By Wisdom Olobayo
The NCBI confirms that “Nigeria has the highest absolute number of cases of FGM (female genital mutilation) in the world, accounting for about one quarter of the 115–130 million circumcised women worldwide”. Although the prevalence rate is waning, it still stands at about 41% in a place where it shouldn’t even exist.
As at the year 2019, statistics say that approximately 38% of Nigeria’s out-of-school children are girls (source: EduCeleb). In more definite context, “States in the north-east and north-west have female primary (school) attendance rates of 47.7% and 47.3%, respectively” (source: UNICEF). This means that more than half of the female children population are not in school.

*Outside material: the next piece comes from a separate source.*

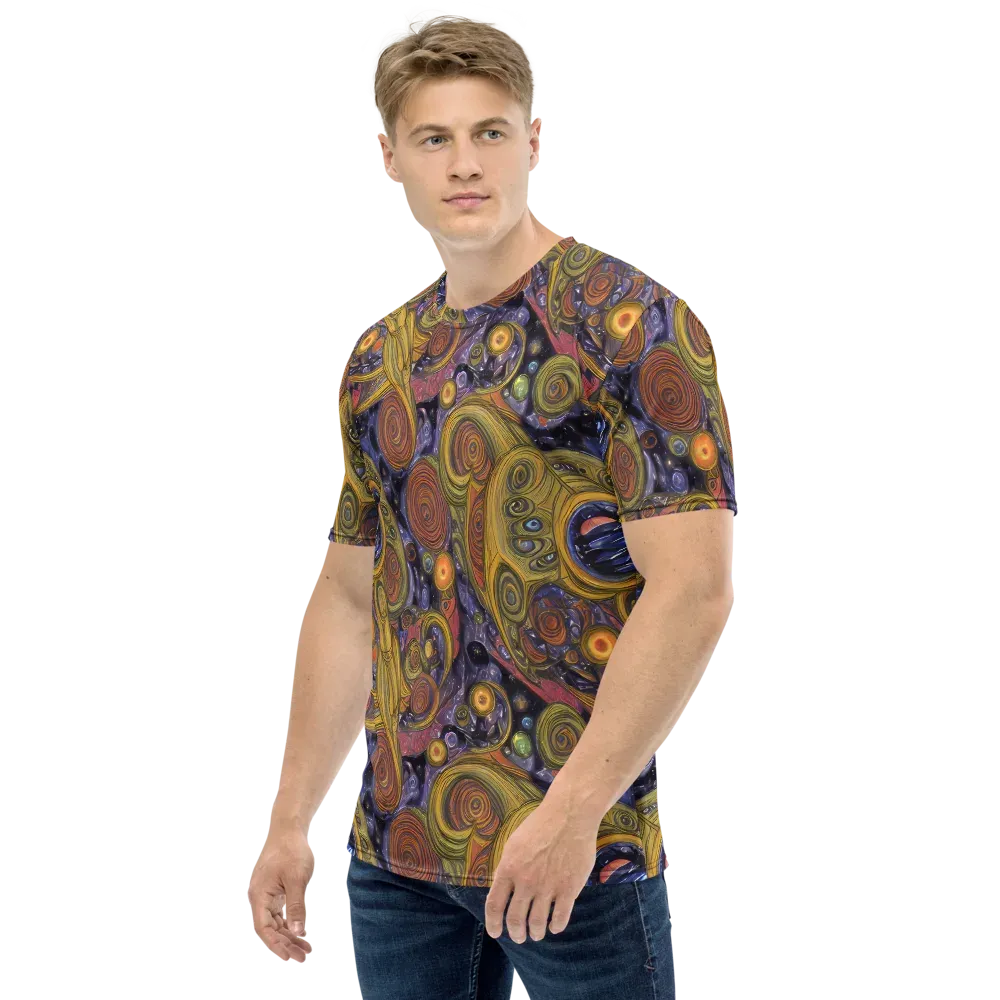 Orbiting Ochre on Men's Crew Neck T-Shirt — Left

Between 2012 and 2018, Statista confirms that 18% of females in Nigeria were married BEFORE the age of 15 while about 44% of females were married BEFORE the age of 18.

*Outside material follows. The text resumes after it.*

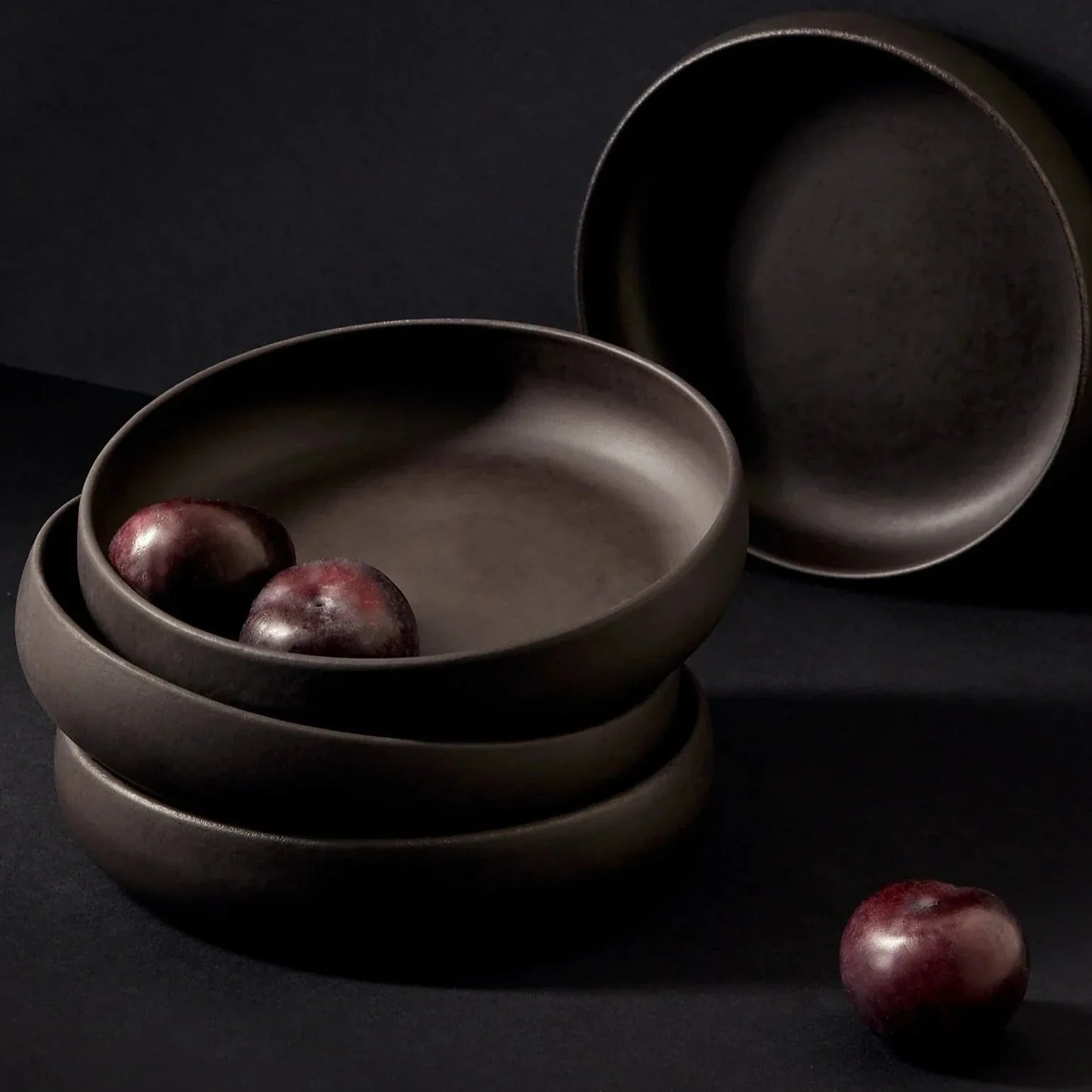 Set of 4 Tunisian Pasta Bowls - Matte Black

In all honesty, there is a very high chance that the actual facts and figures of these problems are grossly underrepresented in the statistics above. This proves to be true, drawing from the many cases of women being hushed by shame and stigmatisation from speaking about their trauma or about their various society-imposed challenges.
Many men and women in recent years have made excuses to not be part of the fight to give women the rights and opportunities they are entitled to as full human beings in the society (A.K.A the feminism movement), because they don’t think these problems are that deep. But the facts speak for themselves. They tell us that we have a lot of collective work to do in changing the potentially bleak future of the average Nigerian girl.
You, do not be like those people who never see a problem until it’s their sister or cousin who is circumcised, or out of school or made a child bride. Believe this report, because it’s many people’s reality. Stand up. Advocate for a better reality for all women. The fight cannot end yet.